Elle n’a toujours pas retrouvé l’usage de son bras, est suivi médicalement, mais l’évolution de son état est incertaine.
Les conséquences médicales sont dues au temps d’intervention inévitablement long lorsque l’on se blesse à 700m de profondeur au gouffre Berger. Une luxation d’épaule demande une intervention rapide pour limiter le traumatisme des nerfs.
Après le secours du « Pot 2 », les deux secours « Berger» et « Favot » sont les tous premiers à appliquer le nouveau plan de secours, et la nouvelle convention.
Ces deux derniers secours sont particulièrement intéressants car ils sont très représentatifs des secours que l’on rencontre habituellement.

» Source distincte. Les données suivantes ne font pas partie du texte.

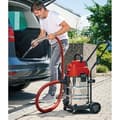 Miniatyrbild 5 av 5: Einhell Dammsugare för vatten och damm utan sladd TE-VC 36/30 Li S-Solo Power X-Change (36V, Behållare 30L) Levereras utan batteri eller laddare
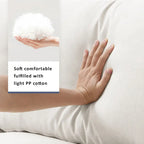 Divano componibile a L moderno a 4 posti, con 2 cuscini omaggio, pouf convertibile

Gouffre berger : Application stricte du plan de secours sans gestion du début de l’alerte par la permanence secours en montagne.
Grotte Favot : Application du plan de secours en anticipant le déclenchement « administratif » du plan de secours, avec gestion de l’alerte par la structure immédiatement disponible établie pour le secours du Berger, COS et CTDS sur le même lieu.

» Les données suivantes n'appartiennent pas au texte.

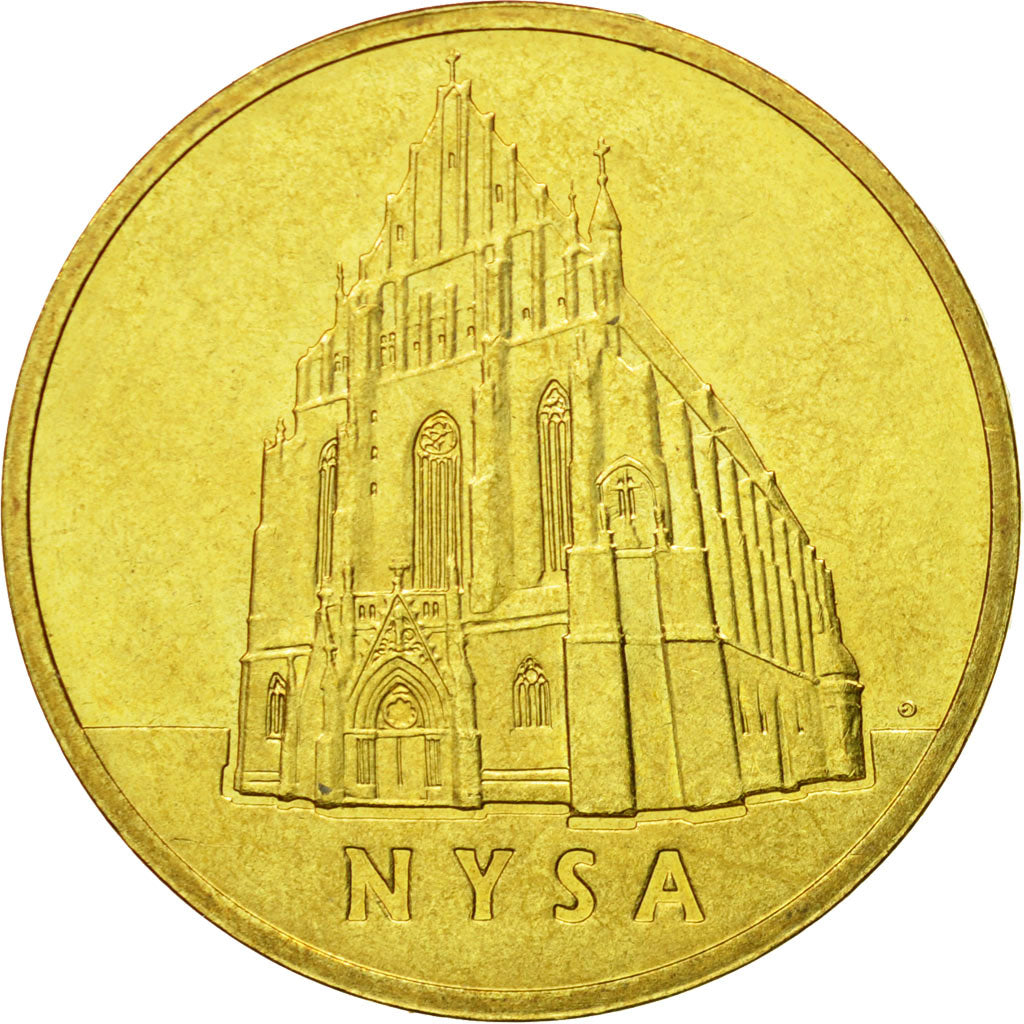 Coin, Poland, 2 Zlote, 2006, Warsaw, MS(64), Brass, KM:570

Pour la grotte Favot, les secouristes n’ont pas pu êtres hélitreuillés à l’entrée, ils ont été déposés sur la route des gorges, et se sont rendus à l’entrée de la grotte en véhicule, puis à pied. Le temps d’intervention aurait pu être raccourci si la gestion de l’alerte avait été faite par le secours en montagne, les problèmes spécifiques du treuillage délicat de la grotte Favot auraient été intégrés dans le choix de l’hélicoptère d’intervention.